Abby Kraftowitz: I met Eleanor after a chance meeting with her daughter, Tammy, who invited me to their home when I was traveling through the area. There was something about Eleanor I was immediately drawn to, and we quickly bonded. I began to visit every few weeks and photograph the scenes that unfolded in front of me. Moments of pain were met with moments of tenderness, courage, and selflessness.
Eleanor and her family showed me what it means to truly love. I can’t imagine a more important lesson. The project is still in the works.
CD: You recently moved to New York City from Pittsburgh. Tell me about the move and your plans.

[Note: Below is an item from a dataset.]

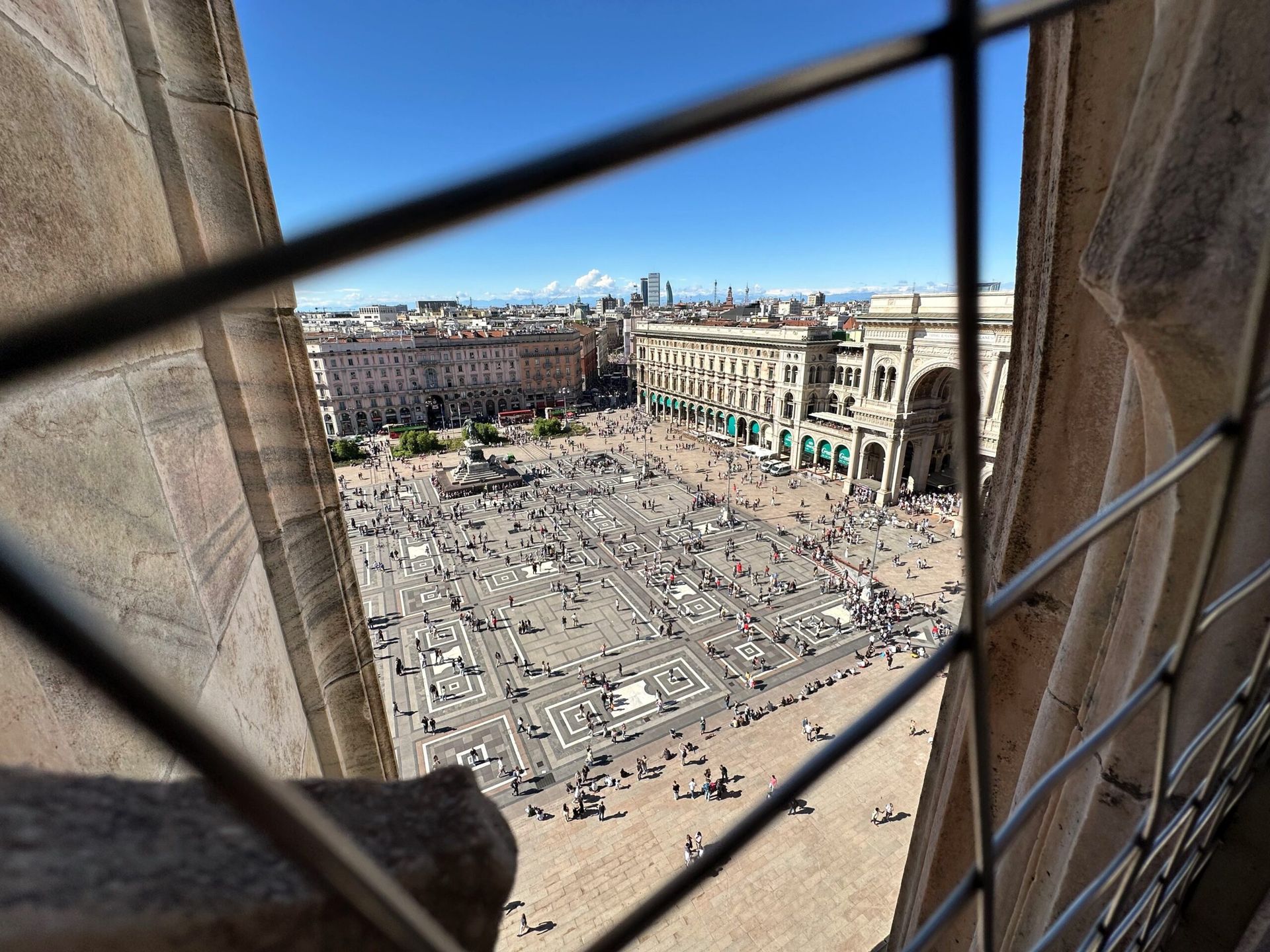 Widok na piazza del duomo w mediolanie z góry, przez kamienne okno katedry.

Abby Kraftowitz: I see New York as a rite of passage, a place where I can develop my craft while being surrounded by some of the best artists in the world. There’s really nothing like it; people are here from everywhere pursuing their dreams and it’s totally energizing. I’m constantly being exposed to new ways of seeing.

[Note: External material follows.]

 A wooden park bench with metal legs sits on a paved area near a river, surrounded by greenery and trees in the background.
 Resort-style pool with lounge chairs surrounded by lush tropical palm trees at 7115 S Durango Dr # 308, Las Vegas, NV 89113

Currently, I am interning with Mark Seliger and working as a freelance photo assistant for some wonderful photographers, while I continue to pursue my own projects. I can easily say it’s a period of tremendous growth for me.
CD: What is your approach to pursuing personal projects and why do you feel this is important to your growth as a photographer?
Abby Kraftowitz: Well, you’ve gotta do what you love. Otherwise I would probably become a doctor or something else useful and much more practical. I can’t help but want to photograph the subjects I’m curious about, and in doing so over and over again, the point of view and photographic style seem to naturally emerge. The best pictures come when I rely on intuition, and I’m not thinking my way through them. I enjoy making intimate photographs of people, often perfect strangers who I never would have met otherwise.
CD: Any words of advice to photographers starting out?
Pay attention, be present, trust your instincts. Nurture relationships with people who inspire you. Work hard, put yourself out there and take risks.